**Exercise prompt**
For this exercise, retype all the data exactly and exclude every image.

**Exercise data**
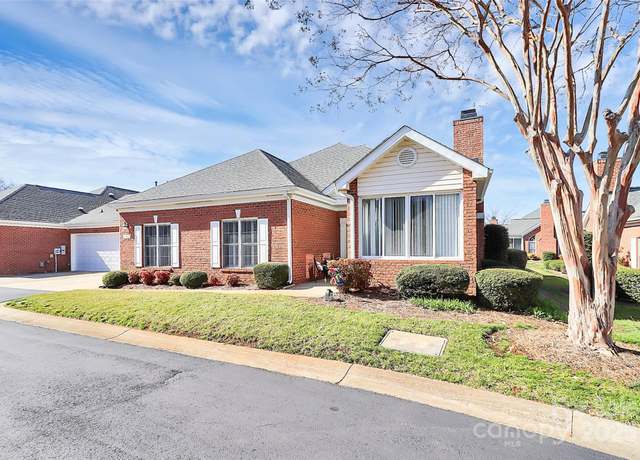 Property at 8462 Highland Glen Dr, Charlotte, NC 28269, 3 beds, 2 baths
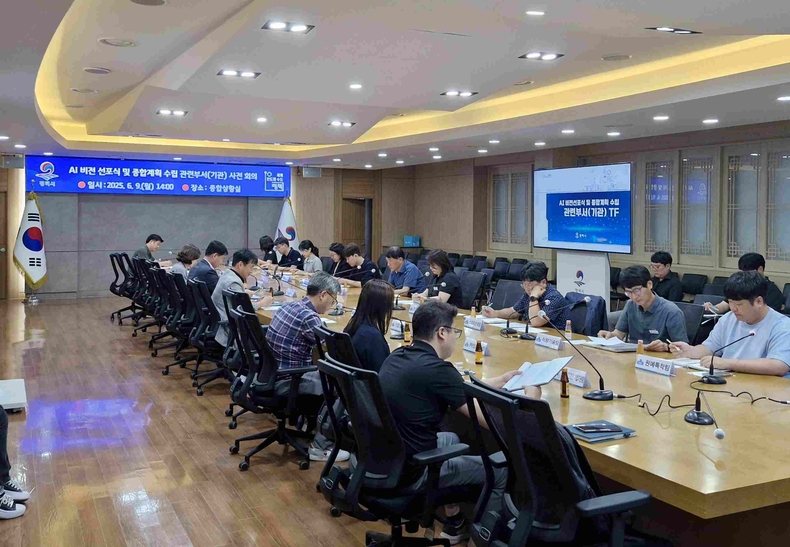 평택시가 평택시청 종합상황실에서 ‘평택시 인공지능(AI) 비전 수립을 위한 관계기관 회의’를 개최하고, 6개 분야(산업, 도시, 농업, 보건·복지, 교육, 행정)에 걸친 AI 비전 설정을 위한 첫걸음을 내디뎠다.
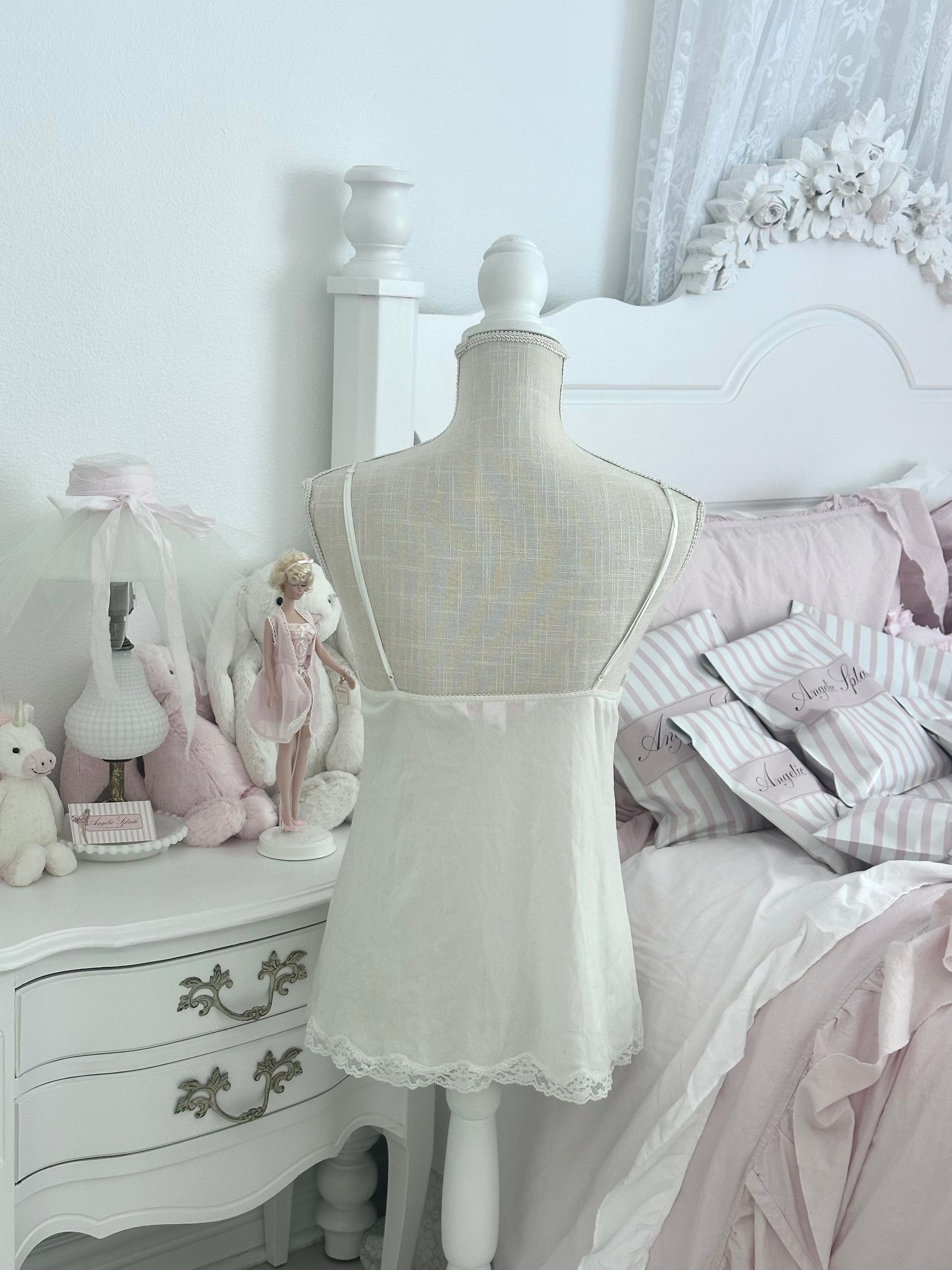 Vintage 2003 Victoria’s Secret White Lace Crystal Babydoll Cami Top Size: XS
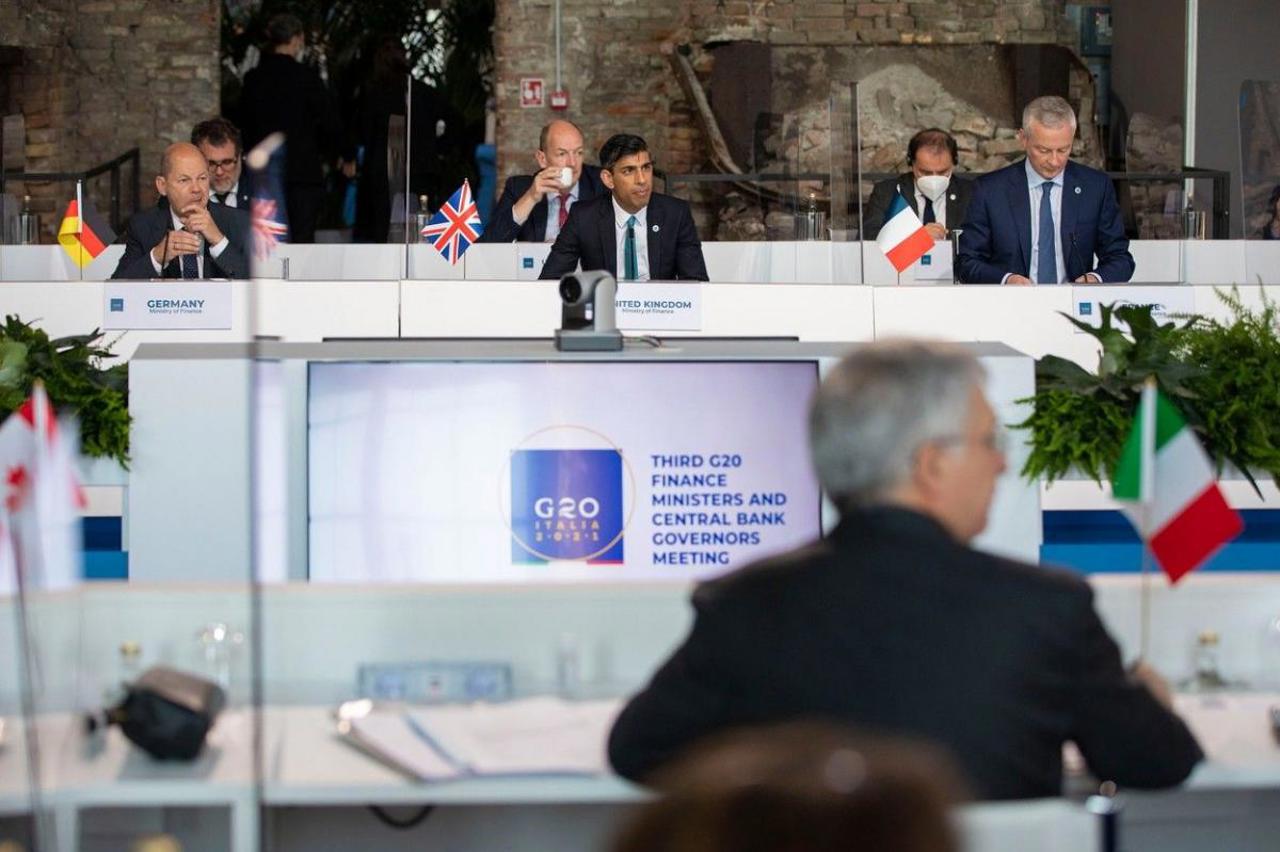 Корреспонденция Брюсселя// Накануне встречи G20 ведущие деятели призывают повысить налоги на богатых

**Response box**
 Property at 8462 Highland Glen Dr, Charlotte, NC 28269, 3 beds, 2 baths
 평택시가 평택시청 종합상황실에서 ‘평택시 인공지능(AI) 비전 수립을 위한 관계기관 회의’를 개최하고, 6개 분야(산업, 도시, 농업, 보건·복지, 교육, 행정)에 걸친 AI 비전 설정을 위한 첫걸음을 내디뎠다.
 Vintage 2003 Victoria’s Secret White Lace Crystal Babydoll Cami Top Size: XS
 Корреспонденция Брюсселя// Накануне встречи G20 ведущие деятели призывают повысить налоги на богатых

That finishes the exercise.